Völkerschlacht  Entscheidungskampf bei Leipzig 1813

Nachdem die verbündeten Heere der Preußen, Öster-I reicher, Russen und Schweden dem französischen Kaiser Napoleon Bonaparte im Befreiungskrieg 1813 bereits mehrere schwere Niederlagen zugefügt hatten, kam es vom 16. bis zum 19. Oktober zur Entscheidungsschlacht bei Leipzig.

Etwa 395.000 Mann führten die Verbündeten ins Feld, um die napoleonische Fremdherrschaft zu brechen. Der Kaiser war mit rund 220.000 Soldaten stark unterlegen. Am 16. Oktober griffen die Verbündeten die französischen Stellungen auf breiter Linie an, konnten aber zunächst den Feind nicht werfen. Napoleon ging daraufhin zum Gegenangriff über, scheiterte aber seinerseits ebenfalls am Widerstand seiner Gegner.

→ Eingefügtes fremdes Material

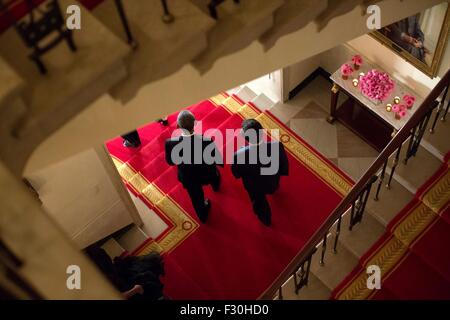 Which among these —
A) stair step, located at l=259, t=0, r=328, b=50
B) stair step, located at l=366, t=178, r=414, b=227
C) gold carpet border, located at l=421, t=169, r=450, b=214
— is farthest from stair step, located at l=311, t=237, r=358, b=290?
stair step, located at l=259, t=0, r=328, b=50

Auch am nächsten Tag der Schlacht konnten weder die Franzosen noch die Verbündeten wesentliche Erfolge erzielen. Allein der preußische General Gebhard Leberecht von Blücher eroberte im Norden Leipzigs mehrere kleine
Ortschaften. Ein Friedensangebot Napoleons wurde von den Alliierten keiner Antwort gewürdigt.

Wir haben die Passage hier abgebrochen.